> [Exercise objective] Retype each record below word for word. Leave the pictures out.

> [Extracted information]
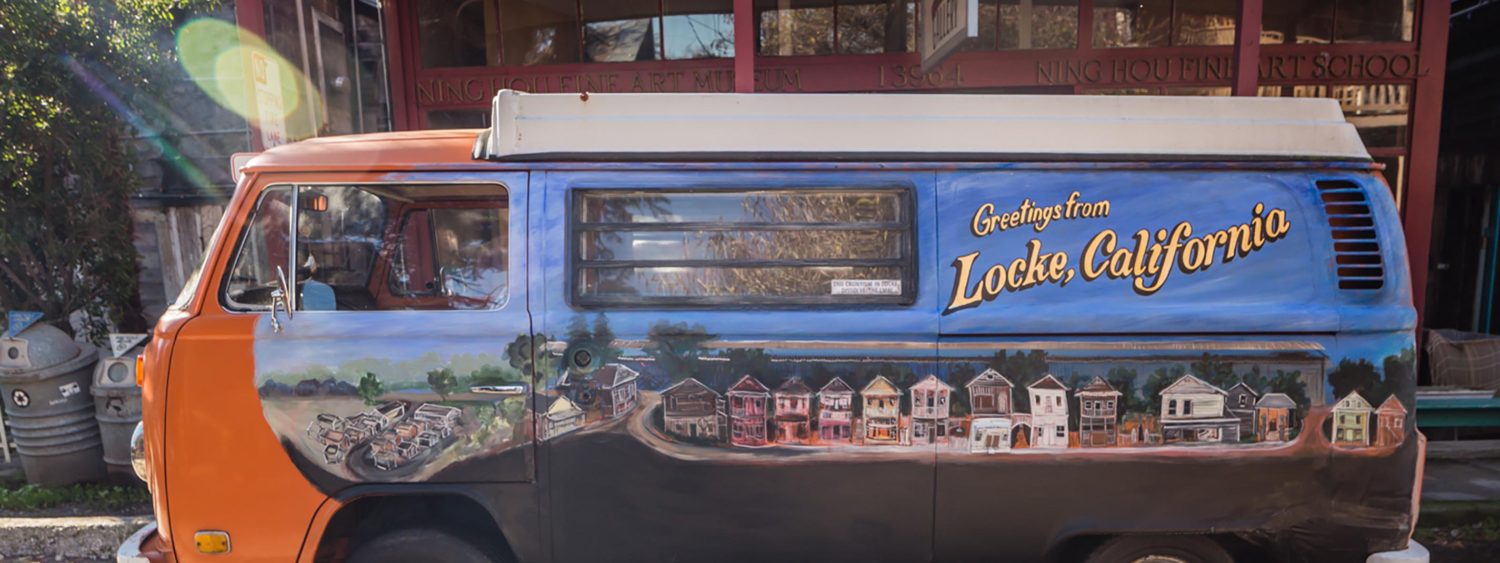 Painted van labeled with Greetings from Locke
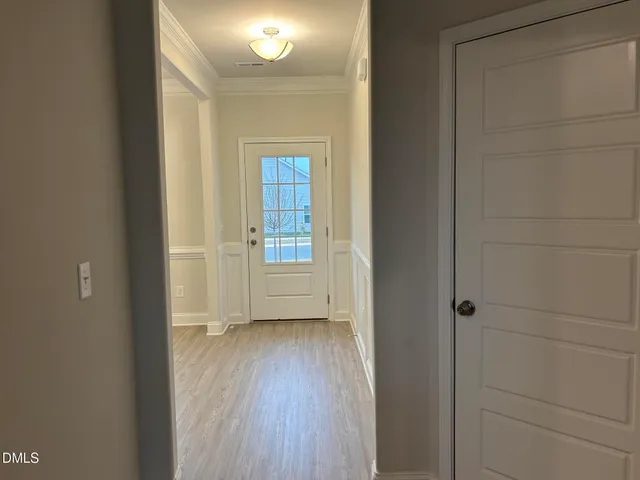 a view of a hallway with wooden floor and a bathroom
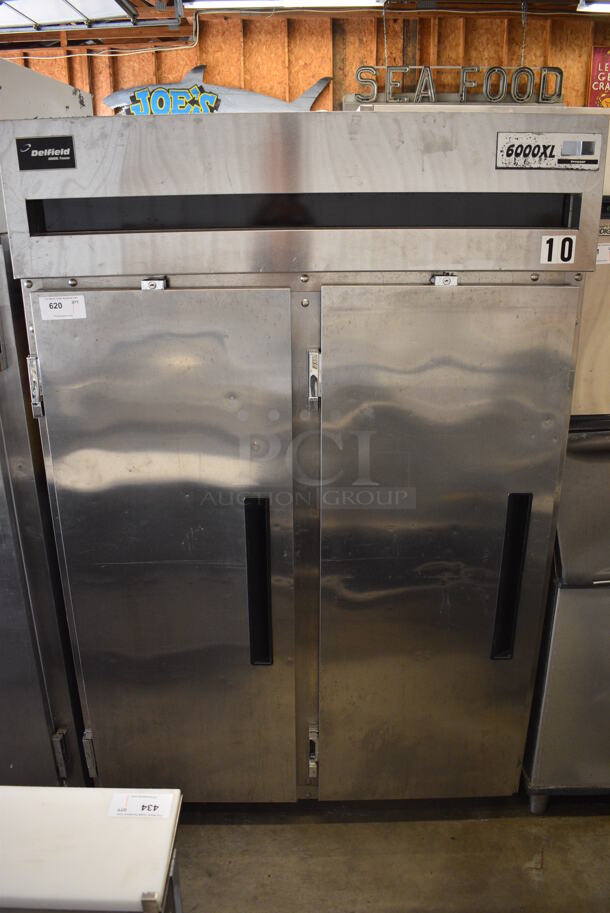 Delfield Model 6151XL-S-BOB-HLL Stainless Steel Commercial 2 Door Reach In Freezer w/ Poly Coated Racks on Commercial Casters. 115 Volts, 1 Phase. 51x32x79. Tested and Working!
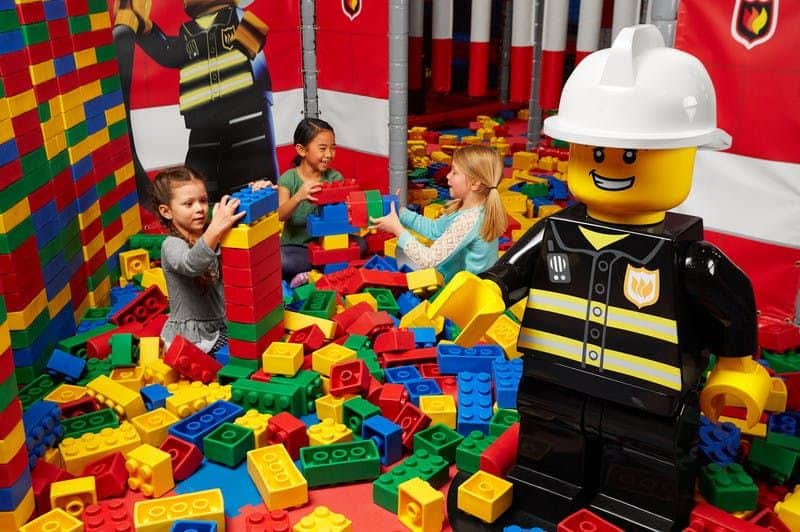 Three children play with large LEGO blocks in an indoor play area, featuring a life-sized LEGO firefighter figure.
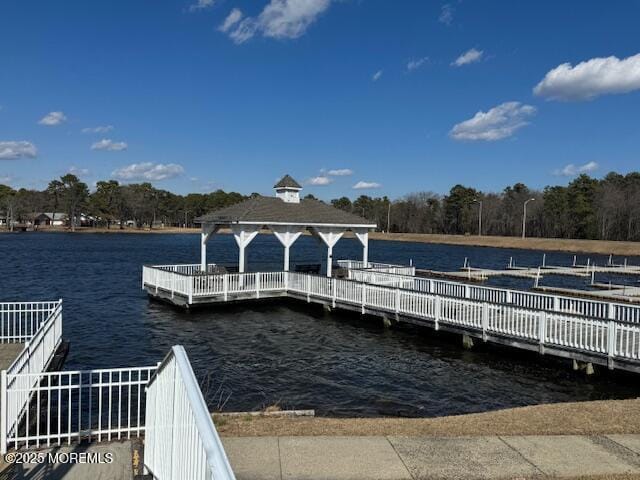 view of dock featuring a water view and a gazebo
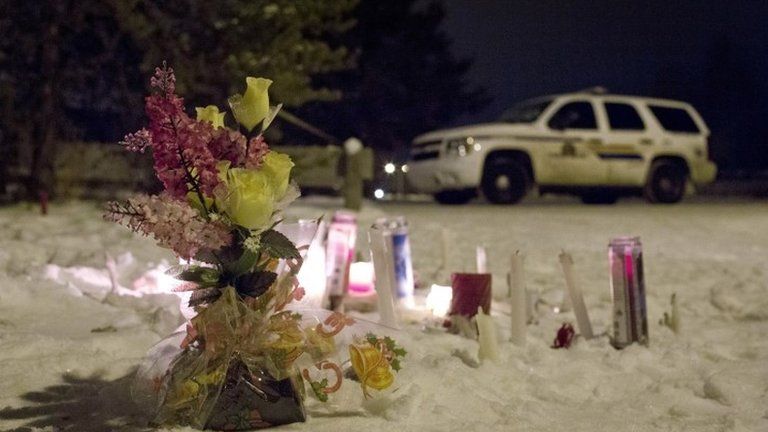 Candles and flowers placed as a memorial lay near the La Loche, Saskatchewan, junior and senior high school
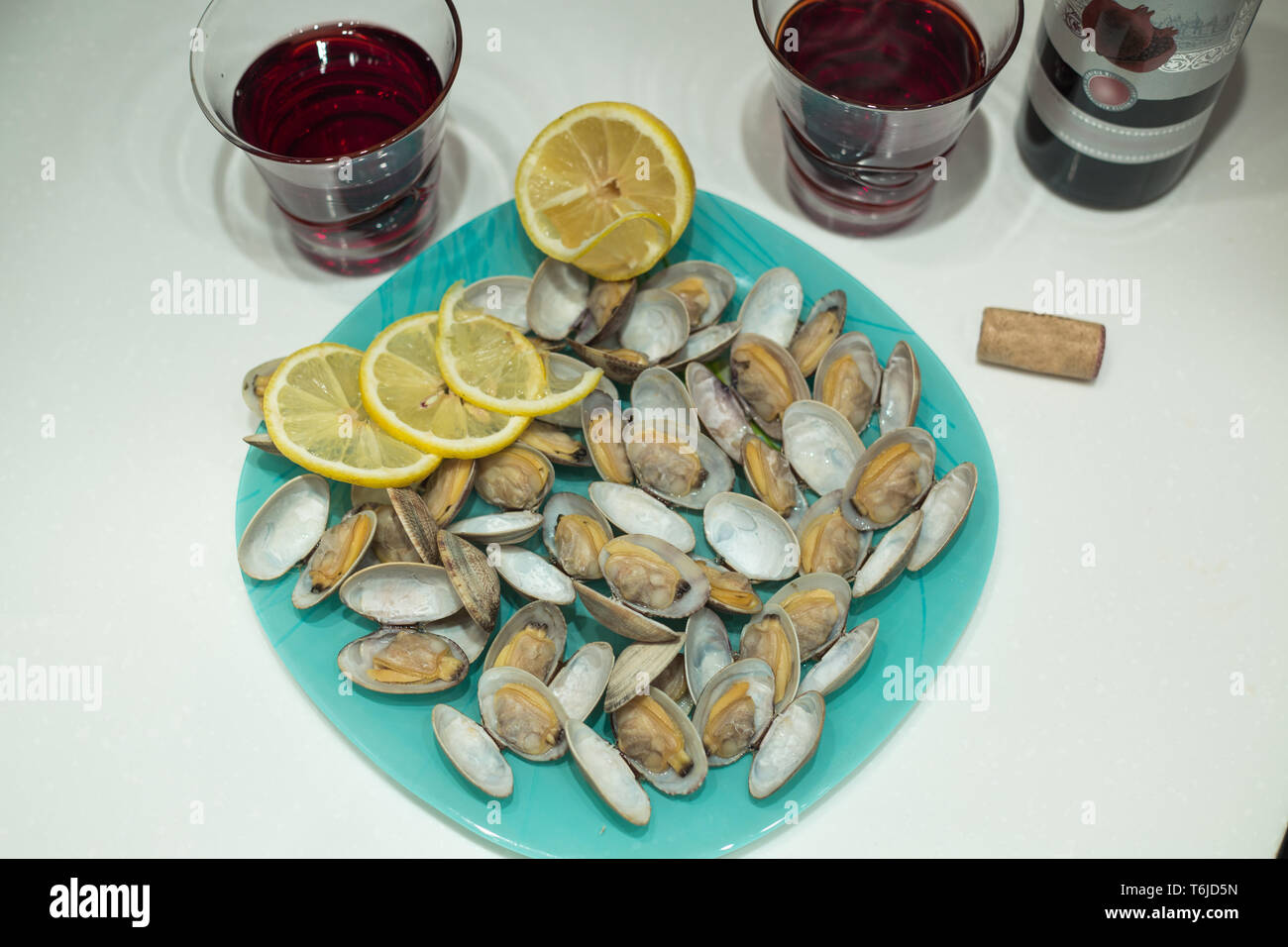 Lecker clam Spisula-muschel-auf Folie Kochen im Ofen gegrillte Neben Gläsern und einer Flasche roten Granatapfel Wein Stockfoto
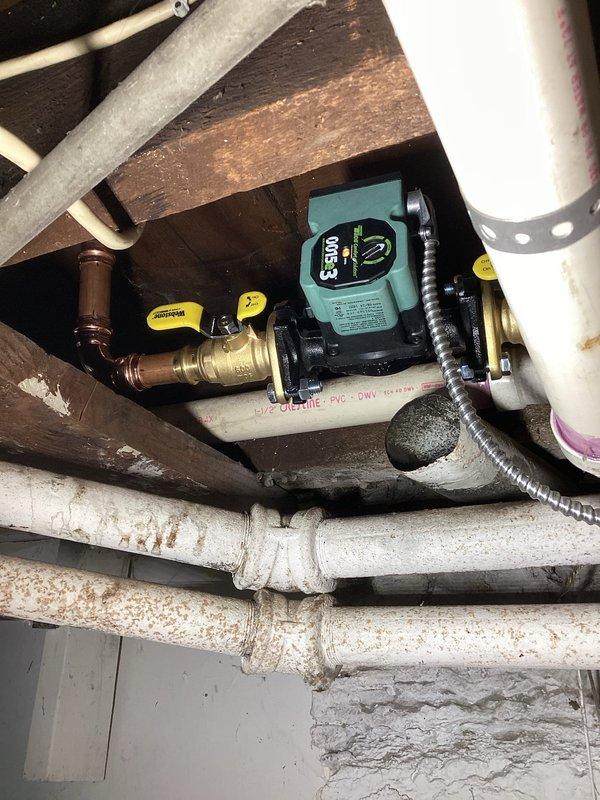 Installed circulator pump to improve flow on non-functional towel warming rack system. Bled air from lines and adjusted system pressure to 20 psi. Verified proper heating operation after modifications were complete.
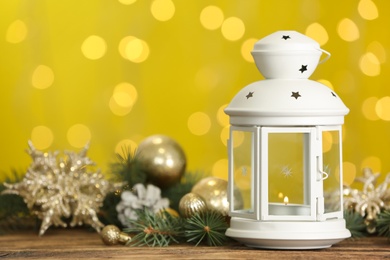 Christmas lantern with burning candle and festive ornaments on wooden table against blurred lights. Space for text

> [Problem solution]
 Painted van labeled with Greetings from Locke
 a view of a hallway with wooden floor and a bathroom
 Delfield Model 6151XL-S-BOB-HLL Stainless Steel Commercial 2 Door Reach In Freezer w/ Poly Coated Racks on Commercial Casters. 115 Volts, 1 Phase. 51x32x79. Tested and Working!
 Three children play with large LEGO blocks in an indoor play area, featuring a life-sized LEGO firefighter figure.
 view of dock featuring a water view and a gazebo
 Candles and flowers placed as a memorial lay near the La Loche, Saskatchewan, junior and senior high school
 Lecker clam Spisula-muschel-auf Folie Kochen im Ofen gegrillte Neben Gläsern und einer Flasche roten Granatapfel Wein Stockfoto
 Installed circulator pump to improve flow on non-functional towel warming rack system. Bled air from lines and adjusted system pressure to 20 psi. Verified proper heating operation after modifications were complete.
 Christmas lantern with burning candle and festive ornaments on wooden table against blurred lights. Space for text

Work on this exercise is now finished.